Let´s say you have a function that accepts only monospaced fonts.Then you can use enum monospaced_font_type. Or a switch case where you need to check all and only monospaced_font_type.
But at same type you can store at same object monospaced_font_type or font_type.
enum font_type
{
enum monospaced_font_type
{
CASCADIA_FONT,
},
ARIAL_FONT
};
This could be arranged in any way.
I think this could have some use-cases, but I suspect that often you would want to have separate enumerations defined first, then combine them with a sum type (aka variant, tagged union, discriminated type, etc.).
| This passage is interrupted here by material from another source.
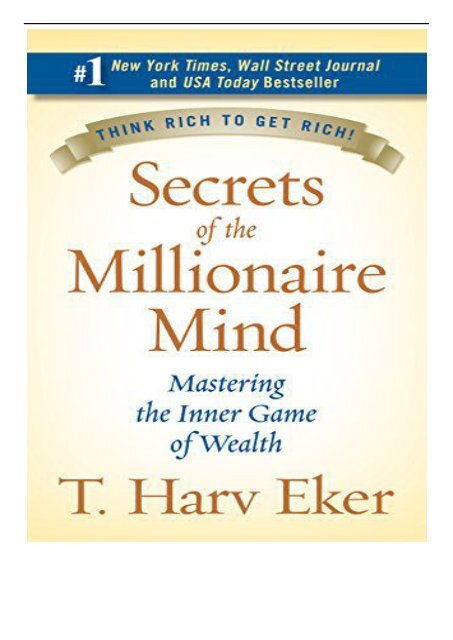 [PDF] Download Secrets of the Millionaire Mind Mastering the Inner Game of Wealth Full Ebook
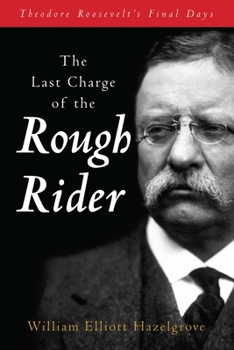 Paperback The Last Charge of the Rough Rider: Theodore Roosevelt's Final Days Book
enum monospaced_font_type {
cascadia
};
enum proportional_font_type {
arial
};
typedef struct {
enum { is_monospaced_font_type, is_proportional_font_type } tag;
union {
enum monospaced_font_type mf;
enum proportional_font_type pf;
}
} font_type;
This also makes it more efficient for a function to determine which sub-enum type a given font is. Unfortunately, C does not have good support or syntax for sum types - it all has to be handled manually and with either extra wrapping or no type safety. C++ does a bit better, with enum classes and std::variant<>, but these are later additions to the language and much less elegant than the sum types and pattern matching found in a wide range of other languages.
One possible source of inspiration for adding features to a C-like language is Cyclone, which was an attempt at a safer and better C. Given that it is 20 years old and I only read about it recently, I guess it never took off. But it could give you ideas.